On 5/28/17 12:13 PM, James Srinivasan wrote:
[snip]
I can't call AccumuloInputFormat.setConnectorInfo again since it has
already been called, and I presume adding the serialised token to the
Configuration would be insecure?
Yeah, the configuration can't protect sensitive information. MapReduce/YARN
has special handling to make sure those tokens serialized in the Job's
credentials are only readable by you (the job submitter).
The thing I don't entirely follow is how you've gotten into this situation
to begin with. The adding of the delegation tokens to the Job's credentials
should be done by Accumulo's MR code on your behalf (just like it's
obtaining the delegation token, it would automatically add it to the job for
ya).
Any chance you can provide an end-to-end example? I am also pretty
Spark-ignorant -- so maybe I just don't understand what is possible and what
isn't..
Hmm, after further investigation concentrating on just MapReduce (and
not Spark) it seems the GeoMesaAccumuloInputFormat class might need
more significant work than just s/PasswordToken/KerberosToken that I
got away with previously.

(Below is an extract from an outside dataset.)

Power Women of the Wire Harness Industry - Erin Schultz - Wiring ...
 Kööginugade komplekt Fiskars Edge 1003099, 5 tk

For example, sending an Accumulo password in
the Hadoop conf probably isn't ideal either.
Fortunately I found this:
https://github.com/apache/hive/blob/master/accumulo-handler/src/java/org/apache/hadoop/hive/accumulo/mr/HiveAccumuloTableInputFormat.java
Is it a good example of Accumulo + MapReduce that I can copy?
Thanks,
James
That one is definitely over-kill. There's a bit of reflection in there
to work around older versions of Accumulo. However, it should be an
example of something that does work with Kerberos authentication.
Also, take note that Hive uses the InputFormat regardless of the
execution engine (local, MapReduce, Tez, etc). There are some comments
to that effect in the code. You can likely simplify those methods/blocks
as well :)